Exercise description: Where the line containing "this 626×417 image." appears below, start there and repeat each line exactly to the end. Leave the pictures out.

* * * * * * * * *

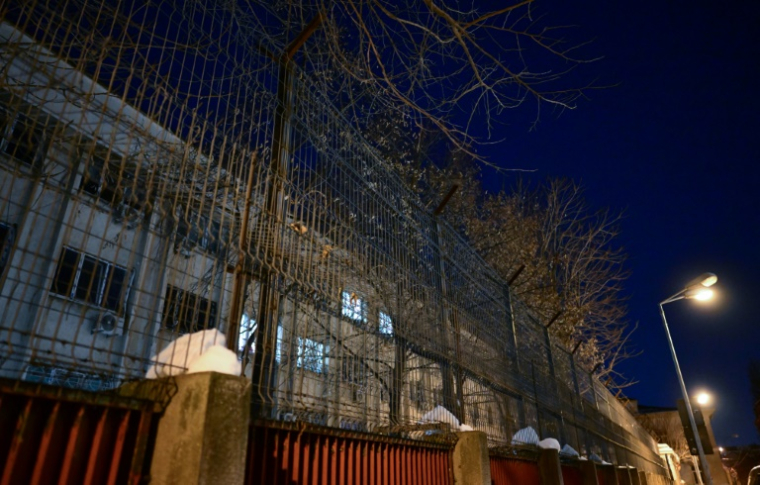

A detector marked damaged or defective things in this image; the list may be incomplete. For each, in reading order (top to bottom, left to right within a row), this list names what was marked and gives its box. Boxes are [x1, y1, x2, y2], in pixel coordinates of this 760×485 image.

rusty metal surface [0, 382, 157, 484]
rusty metal surface [248, 420, 452, 484]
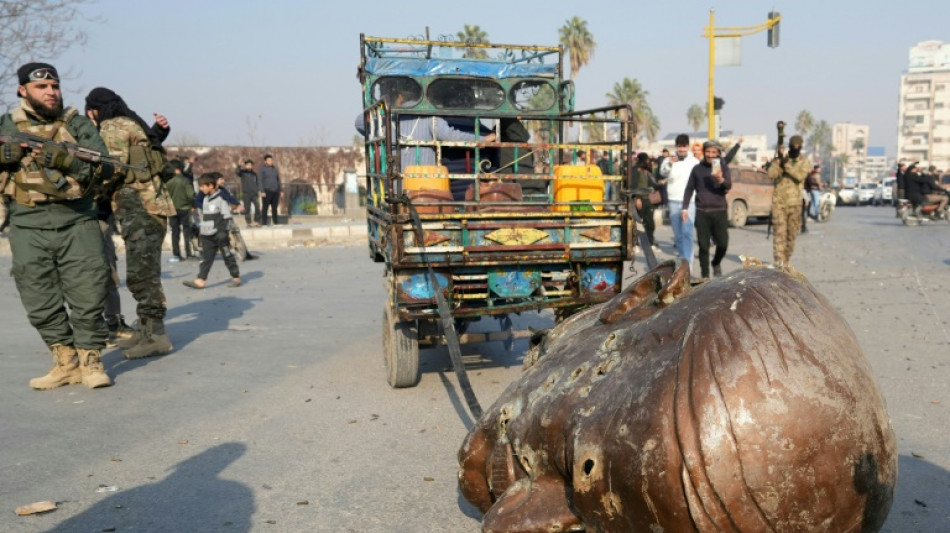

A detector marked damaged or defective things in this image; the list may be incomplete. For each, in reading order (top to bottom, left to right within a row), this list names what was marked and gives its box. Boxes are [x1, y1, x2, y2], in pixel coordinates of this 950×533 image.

corroded bronze surface [462, 260, 900, 528]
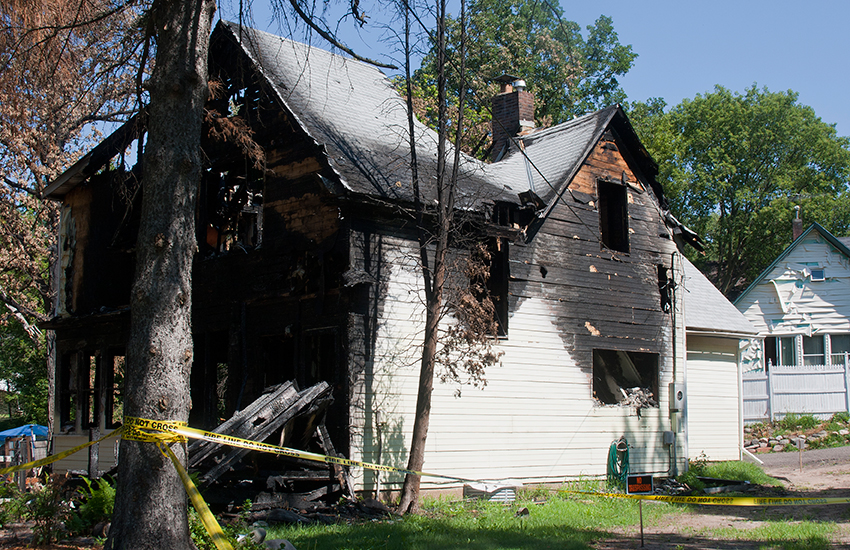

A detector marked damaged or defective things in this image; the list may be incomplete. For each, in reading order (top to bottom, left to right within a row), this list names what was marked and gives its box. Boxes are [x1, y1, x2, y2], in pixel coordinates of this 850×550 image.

broken window [596, 179, 628, 254]
burned house [41, 22, 704, 492]
broken window [588, 352, 656, 408]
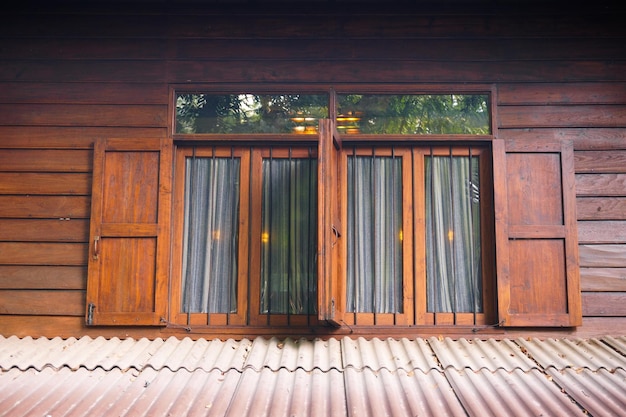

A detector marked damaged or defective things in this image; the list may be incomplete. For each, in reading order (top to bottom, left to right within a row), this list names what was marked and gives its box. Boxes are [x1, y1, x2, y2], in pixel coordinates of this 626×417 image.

rusty metal roofing sheet [1, 334, 624, 416]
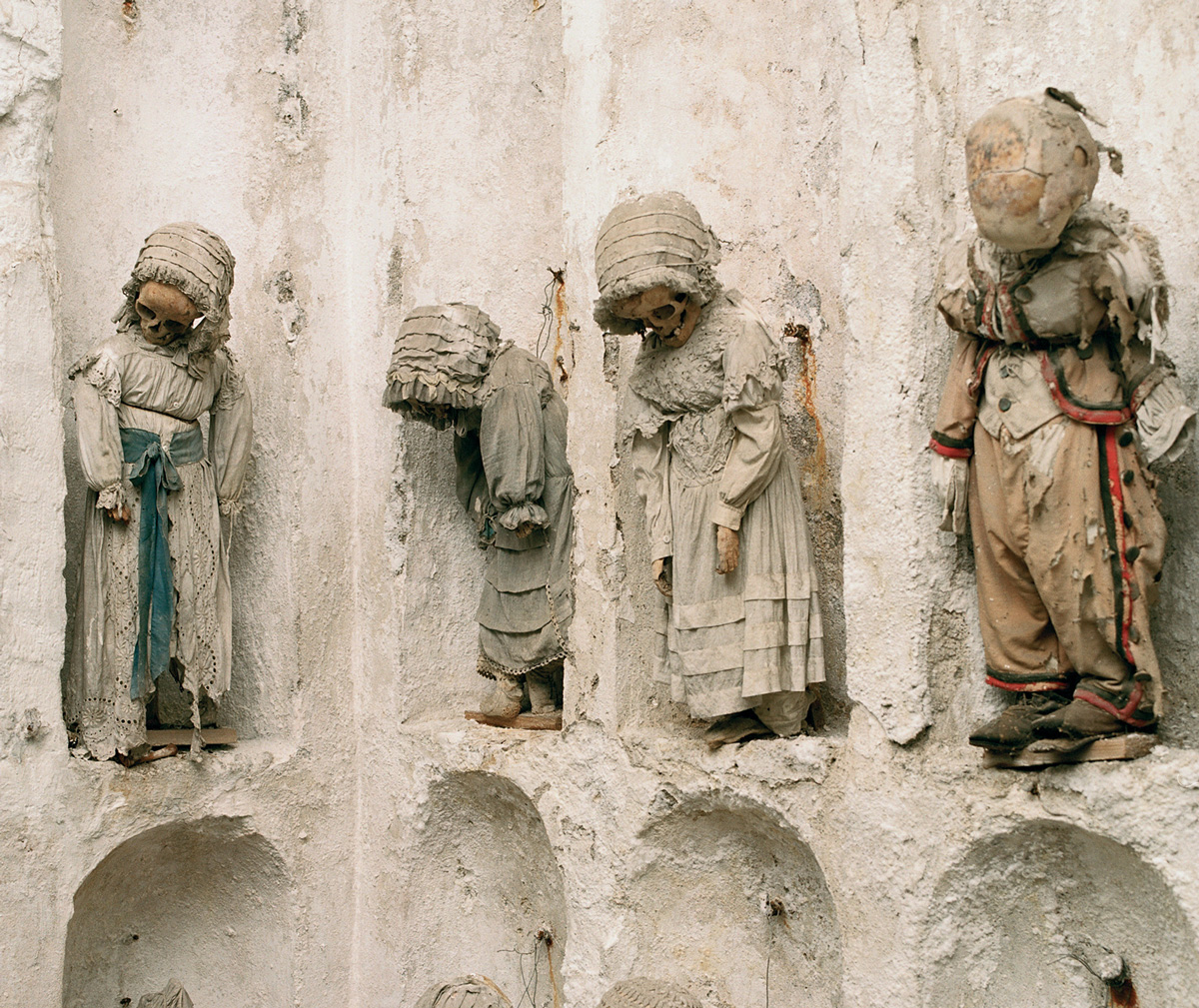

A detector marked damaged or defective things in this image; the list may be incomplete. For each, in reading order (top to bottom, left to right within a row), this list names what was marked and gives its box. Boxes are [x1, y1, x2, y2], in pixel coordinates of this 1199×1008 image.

* * * * * * * * *

Answer to this problem:
A detector marked damaged or defective things in this image; the list may be incomplete. For each, in reading order (top to bottom, left to right within a row), this list names what was marked and gives its box. Boxes are [x1, y1, x2, y2], in pixel coordinates of this 626×417 image.

rusty metal roofing sheet [1, 334, 624, 416]

A detector marked damaged or defective things in this image; the list may be incomplete. For each, in reading order (top to bottom, left to right within a row), this list names what was marked and gives its box. Boxes are [x1, y1, x2, y2], in pixel coordinates of this 1199×1008 image.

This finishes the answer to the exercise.